Para entender en qué medida a Duchamp lo predestinó la aspiración de EE. UU de ser el centro de la civilización occidental, hay que hacer un poco de historia. Antes de que Marcel desembarcara en Nueva York huyendo de París en 1916, su amigo Francis Picabia ya había abierto el camino allí, obteniendo la atención de los medios.[1] En ese contexto reñido de modernistas y antimodernistas, el cuadro Desnudo bajando la escalera (1912) que Duchamp había colocado sin pretenderlo en la gran exposición, (pues el día en que la comitiva americana de la Armory Show, a la caza de vanguardia europea, se presentó en el estudio del artista, Marcel se encontraba ausente) le convirtió en una figura controvertida. La pintura le hizo célebre a tal punto que cuando su barco tomó tierra en Nueva York, en junio de 1915, allí mismo le estaba esperando Walter Pach (pintor asesor de Armory Show) que le condujo directamente a casa del coleccionista Walter Arensberg.

Discos ópticos, extraídos de la edición Rotoreliefs (1935/1965). Marcel Du-champ.

De este episodio iniciático da noticia el documental, que el visitante de la sala Canal podrá ver al final del pasillo, a la entrada de la exposición. Como allí se narra, el jovencísimo Duchamp fue automáticamente asimilado por un grupo en el que confluían los dos círculos activos de modernidad más a la vanguardia, el del coleccionista y el del fotógrafo, editor y galerista Alfred Stieglitz. En ese contexto Duchamp, que ya había decretado su rechazo al arte retiniano (relativo al elemento visual de la pintura), continuaba tomando notas de la que sería su obra más ambiciosa, La Mariée mise à nu par ses célibataires, même (1915–1923) conocida hoy como El Gran Vidrio. Así mismo, había realizado ya en su estudio de París Rueda de bicicleta sobre taburete, precedente del primer ready made propiamente dicho, realizado en Nueva York, la famosa pala quitanieves de In Advance of the Broken Arm.

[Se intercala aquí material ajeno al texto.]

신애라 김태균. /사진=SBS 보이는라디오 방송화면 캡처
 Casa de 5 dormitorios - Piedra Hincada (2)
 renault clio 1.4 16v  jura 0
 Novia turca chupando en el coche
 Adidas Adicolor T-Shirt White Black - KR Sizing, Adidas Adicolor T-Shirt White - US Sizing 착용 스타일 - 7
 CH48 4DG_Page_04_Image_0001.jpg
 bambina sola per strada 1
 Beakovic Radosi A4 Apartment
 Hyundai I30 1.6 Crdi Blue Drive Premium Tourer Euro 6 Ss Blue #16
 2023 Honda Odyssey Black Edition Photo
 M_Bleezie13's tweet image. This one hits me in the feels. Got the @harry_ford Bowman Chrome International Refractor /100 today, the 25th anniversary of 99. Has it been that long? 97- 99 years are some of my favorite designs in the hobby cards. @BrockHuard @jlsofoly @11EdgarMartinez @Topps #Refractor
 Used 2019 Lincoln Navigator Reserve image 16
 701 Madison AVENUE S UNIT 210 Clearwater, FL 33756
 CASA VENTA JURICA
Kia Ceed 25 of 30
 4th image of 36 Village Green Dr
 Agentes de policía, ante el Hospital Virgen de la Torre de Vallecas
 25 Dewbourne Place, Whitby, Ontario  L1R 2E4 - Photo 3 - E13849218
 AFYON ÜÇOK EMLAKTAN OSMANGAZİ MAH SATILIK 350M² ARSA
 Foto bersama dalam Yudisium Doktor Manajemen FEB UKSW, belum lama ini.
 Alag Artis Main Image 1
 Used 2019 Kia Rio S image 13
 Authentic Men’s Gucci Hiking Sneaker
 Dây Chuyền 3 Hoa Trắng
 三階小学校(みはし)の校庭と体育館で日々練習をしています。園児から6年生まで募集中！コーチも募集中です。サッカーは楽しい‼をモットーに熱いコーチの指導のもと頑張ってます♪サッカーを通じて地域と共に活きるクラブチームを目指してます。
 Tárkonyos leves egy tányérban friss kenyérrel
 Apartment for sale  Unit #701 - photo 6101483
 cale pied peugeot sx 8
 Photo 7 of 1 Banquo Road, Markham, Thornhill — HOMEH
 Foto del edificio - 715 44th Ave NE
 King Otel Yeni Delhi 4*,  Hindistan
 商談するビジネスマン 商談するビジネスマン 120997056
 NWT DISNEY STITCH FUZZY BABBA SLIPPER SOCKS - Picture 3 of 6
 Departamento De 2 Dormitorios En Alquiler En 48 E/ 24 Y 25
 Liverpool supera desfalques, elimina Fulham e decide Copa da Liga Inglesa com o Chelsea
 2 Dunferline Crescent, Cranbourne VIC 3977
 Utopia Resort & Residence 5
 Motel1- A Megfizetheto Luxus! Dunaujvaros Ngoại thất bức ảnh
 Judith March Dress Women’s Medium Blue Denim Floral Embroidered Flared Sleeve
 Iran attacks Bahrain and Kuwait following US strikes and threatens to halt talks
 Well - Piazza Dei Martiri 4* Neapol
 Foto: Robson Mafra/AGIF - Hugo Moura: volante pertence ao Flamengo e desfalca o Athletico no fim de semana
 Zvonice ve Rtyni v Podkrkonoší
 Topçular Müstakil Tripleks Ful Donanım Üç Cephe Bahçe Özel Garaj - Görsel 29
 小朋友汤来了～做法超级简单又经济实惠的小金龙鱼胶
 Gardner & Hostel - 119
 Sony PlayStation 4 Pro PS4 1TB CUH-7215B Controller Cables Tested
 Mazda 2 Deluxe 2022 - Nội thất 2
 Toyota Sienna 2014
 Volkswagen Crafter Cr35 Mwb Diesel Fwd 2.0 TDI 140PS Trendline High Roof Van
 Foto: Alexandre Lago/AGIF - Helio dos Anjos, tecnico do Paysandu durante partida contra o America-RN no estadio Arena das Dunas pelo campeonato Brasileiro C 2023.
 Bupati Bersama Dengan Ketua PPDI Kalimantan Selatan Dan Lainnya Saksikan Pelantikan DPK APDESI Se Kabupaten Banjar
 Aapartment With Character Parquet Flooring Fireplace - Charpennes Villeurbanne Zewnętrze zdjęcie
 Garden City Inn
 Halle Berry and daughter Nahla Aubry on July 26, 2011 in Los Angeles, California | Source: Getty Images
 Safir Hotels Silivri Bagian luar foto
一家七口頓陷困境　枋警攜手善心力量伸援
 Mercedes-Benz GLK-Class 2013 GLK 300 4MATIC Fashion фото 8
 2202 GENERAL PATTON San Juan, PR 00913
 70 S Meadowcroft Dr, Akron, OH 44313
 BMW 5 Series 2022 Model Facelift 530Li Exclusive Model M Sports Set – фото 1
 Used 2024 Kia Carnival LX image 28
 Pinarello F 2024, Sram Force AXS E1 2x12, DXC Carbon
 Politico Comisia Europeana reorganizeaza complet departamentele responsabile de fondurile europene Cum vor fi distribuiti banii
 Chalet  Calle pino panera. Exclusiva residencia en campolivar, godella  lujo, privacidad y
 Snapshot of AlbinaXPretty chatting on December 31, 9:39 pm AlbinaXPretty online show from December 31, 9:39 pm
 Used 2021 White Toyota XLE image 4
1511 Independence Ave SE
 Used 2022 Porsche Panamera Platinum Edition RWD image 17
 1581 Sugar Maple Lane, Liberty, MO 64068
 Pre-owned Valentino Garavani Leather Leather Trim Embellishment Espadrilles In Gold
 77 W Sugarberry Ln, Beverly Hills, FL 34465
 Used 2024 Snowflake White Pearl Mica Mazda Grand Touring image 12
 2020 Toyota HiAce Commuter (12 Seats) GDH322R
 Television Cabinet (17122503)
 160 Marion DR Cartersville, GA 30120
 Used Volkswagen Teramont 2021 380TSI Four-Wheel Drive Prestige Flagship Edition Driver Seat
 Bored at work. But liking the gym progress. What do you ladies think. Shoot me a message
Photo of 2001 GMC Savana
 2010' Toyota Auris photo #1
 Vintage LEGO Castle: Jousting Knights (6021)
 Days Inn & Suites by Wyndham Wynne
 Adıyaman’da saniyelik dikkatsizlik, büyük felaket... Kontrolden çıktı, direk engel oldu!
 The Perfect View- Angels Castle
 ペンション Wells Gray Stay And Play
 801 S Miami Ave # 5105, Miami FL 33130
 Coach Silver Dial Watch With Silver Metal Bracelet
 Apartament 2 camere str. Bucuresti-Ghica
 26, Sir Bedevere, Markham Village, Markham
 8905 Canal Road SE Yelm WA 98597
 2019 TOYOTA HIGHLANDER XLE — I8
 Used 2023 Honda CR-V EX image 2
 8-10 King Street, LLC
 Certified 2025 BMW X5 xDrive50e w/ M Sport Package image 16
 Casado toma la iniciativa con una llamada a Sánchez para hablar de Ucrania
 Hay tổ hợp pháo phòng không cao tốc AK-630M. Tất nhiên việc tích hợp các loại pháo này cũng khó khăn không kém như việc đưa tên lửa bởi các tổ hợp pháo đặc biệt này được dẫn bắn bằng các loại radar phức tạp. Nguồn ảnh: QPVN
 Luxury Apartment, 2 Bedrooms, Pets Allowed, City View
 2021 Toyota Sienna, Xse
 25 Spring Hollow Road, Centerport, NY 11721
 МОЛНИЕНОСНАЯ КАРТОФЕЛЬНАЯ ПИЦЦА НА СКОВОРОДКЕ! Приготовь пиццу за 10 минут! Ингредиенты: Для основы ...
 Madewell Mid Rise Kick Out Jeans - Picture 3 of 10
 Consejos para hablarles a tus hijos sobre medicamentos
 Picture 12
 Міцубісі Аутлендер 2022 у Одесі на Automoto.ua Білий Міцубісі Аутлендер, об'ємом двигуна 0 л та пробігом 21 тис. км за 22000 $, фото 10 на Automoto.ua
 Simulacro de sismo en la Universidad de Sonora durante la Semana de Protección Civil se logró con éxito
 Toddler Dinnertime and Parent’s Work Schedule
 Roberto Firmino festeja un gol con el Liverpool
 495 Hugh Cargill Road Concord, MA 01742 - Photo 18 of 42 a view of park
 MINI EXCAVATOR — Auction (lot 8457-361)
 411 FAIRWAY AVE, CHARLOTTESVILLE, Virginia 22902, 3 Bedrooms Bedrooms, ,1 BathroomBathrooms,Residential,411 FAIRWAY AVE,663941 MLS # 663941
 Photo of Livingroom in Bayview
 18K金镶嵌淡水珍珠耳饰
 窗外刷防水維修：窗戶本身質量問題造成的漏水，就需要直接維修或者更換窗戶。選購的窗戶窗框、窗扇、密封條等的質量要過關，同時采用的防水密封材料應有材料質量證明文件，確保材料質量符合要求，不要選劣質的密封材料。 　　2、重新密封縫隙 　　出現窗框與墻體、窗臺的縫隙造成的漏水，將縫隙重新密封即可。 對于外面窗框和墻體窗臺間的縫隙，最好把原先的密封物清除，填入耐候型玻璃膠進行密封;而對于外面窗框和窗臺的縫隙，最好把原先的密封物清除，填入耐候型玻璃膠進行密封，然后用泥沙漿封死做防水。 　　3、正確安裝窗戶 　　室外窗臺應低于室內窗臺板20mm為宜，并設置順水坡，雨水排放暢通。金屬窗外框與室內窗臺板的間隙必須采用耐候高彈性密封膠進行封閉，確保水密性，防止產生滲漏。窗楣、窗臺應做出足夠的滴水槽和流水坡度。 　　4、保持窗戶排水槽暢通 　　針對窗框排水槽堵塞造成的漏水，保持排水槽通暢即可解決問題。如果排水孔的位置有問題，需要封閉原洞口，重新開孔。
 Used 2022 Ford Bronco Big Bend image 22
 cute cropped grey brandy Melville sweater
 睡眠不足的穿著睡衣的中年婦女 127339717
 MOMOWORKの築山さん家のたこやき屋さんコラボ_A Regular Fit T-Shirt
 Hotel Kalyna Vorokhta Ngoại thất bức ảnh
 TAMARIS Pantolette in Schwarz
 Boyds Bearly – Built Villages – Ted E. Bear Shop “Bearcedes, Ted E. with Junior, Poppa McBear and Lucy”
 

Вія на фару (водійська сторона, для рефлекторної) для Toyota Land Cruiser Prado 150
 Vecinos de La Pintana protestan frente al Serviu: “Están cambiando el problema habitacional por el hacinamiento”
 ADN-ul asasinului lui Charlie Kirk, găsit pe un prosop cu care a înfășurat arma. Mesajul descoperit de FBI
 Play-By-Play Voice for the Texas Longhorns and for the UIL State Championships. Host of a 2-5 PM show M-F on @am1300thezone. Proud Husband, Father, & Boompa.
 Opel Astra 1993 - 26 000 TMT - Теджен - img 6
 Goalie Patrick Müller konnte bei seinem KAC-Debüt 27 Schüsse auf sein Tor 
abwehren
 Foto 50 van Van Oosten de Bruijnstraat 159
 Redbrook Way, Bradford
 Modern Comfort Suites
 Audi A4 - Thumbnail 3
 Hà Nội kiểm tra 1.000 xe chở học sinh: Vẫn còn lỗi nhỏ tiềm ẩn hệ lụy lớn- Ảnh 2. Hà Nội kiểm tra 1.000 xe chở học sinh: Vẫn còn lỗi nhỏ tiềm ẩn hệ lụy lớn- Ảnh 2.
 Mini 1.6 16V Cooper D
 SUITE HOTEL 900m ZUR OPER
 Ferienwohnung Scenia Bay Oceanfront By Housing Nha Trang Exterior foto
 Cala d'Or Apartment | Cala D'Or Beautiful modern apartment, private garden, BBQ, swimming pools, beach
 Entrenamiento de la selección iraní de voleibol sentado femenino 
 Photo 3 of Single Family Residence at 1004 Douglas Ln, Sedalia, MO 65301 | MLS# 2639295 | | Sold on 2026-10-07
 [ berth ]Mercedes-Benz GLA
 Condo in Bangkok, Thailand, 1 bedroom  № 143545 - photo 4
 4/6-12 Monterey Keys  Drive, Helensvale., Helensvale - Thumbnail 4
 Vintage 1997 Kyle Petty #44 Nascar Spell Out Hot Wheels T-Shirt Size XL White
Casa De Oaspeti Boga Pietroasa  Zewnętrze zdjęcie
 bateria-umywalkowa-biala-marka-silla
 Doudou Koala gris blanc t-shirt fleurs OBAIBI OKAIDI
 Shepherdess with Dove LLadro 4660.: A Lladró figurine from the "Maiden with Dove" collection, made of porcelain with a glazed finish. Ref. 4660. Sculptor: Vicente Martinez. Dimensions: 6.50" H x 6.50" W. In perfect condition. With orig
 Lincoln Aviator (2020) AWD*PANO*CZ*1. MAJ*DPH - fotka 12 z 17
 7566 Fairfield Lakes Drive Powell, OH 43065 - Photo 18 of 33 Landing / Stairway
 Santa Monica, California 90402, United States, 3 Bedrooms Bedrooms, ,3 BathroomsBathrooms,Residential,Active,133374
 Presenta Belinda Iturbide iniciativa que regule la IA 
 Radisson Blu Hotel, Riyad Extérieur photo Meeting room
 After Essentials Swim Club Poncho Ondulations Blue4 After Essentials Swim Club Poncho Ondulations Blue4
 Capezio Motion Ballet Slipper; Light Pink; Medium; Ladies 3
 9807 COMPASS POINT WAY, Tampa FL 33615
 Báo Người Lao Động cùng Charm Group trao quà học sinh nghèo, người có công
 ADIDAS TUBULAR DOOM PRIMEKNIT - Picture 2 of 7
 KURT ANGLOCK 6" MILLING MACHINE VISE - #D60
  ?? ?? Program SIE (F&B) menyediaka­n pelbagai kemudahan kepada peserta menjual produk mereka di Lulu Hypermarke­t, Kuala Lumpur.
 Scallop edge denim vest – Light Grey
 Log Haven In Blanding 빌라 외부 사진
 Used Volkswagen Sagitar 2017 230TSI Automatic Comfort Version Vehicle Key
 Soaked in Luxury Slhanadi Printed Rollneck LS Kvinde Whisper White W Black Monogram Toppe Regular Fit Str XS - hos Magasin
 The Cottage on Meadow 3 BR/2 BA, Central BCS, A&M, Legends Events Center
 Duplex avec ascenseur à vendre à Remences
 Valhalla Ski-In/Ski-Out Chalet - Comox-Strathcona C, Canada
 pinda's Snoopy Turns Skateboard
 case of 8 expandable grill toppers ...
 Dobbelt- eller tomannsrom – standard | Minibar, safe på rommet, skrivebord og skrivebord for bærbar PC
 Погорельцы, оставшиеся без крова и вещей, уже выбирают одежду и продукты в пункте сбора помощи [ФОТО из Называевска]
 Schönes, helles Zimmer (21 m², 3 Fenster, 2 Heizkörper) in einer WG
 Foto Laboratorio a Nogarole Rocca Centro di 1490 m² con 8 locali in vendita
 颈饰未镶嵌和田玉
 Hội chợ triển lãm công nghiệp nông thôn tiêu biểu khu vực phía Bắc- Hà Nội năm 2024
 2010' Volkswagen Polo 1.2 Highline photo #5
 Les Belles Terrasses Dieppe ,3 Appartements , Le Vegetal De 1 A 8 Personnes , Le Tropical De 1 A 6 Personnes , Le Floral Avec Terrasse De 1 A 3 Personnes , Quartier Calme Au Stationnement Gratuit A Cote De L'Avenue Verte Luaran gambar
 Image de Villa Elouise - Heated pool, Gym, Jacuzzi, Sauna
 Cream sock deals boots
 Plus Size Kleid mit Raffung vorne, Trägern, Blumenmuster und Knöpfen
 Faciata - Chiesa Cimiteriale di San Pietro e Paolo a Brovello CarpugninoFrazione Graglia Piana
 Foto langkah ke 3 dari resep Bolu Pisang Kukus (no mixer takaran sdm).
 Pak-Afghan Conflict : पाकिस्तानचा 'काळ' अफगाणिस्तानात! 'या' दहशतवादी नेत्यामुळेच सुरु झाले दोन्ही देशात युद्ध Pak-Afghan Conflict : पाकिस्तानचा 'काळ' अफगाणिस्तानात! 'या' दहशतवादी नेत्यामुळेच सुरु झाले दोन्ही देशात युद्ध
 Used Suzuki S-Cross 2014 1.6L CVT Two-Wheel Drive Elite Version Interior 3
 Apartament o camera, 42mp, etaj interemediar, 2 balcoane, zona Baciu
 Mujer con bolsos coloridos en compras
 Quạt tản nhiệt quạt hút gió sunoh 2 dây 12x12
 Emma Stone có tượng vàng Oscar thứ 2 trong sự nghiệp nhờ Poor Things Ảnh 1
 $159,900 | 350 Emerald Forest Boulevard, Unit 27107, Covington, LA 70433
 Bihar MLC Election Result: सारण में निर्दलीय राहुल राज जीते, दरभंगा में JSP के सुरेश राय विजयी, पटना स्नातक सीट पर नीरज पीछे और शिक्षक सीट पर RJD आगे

Aunque la selección presente en la sala Canal no recoge, desafortunadamente, ningún ready made de tres dimensiones de Duchamp, sí se incluye registro del más famoso de todos ellos, un aguafuerte del urinario que lleva por título Una grifería original y revolucionaria: retorno espejado, presente en la última sala. La literatura en torno al famoso urinario de 1916 es tan abundante que nos limitaremos aquí a poner el acento en dos aspectos que favorecen la lectura de la obra; la primera que la pieza fue comprada, no encontrada como suele decirse. La segunda, que aquella pieza industrial fue modificada por el artista al cambiarla de posición e imponerle un título y una firma. Dato al que hay que estar atento para dilucidar la autoría operada por la mirada que el artista vierte sobre el objeto.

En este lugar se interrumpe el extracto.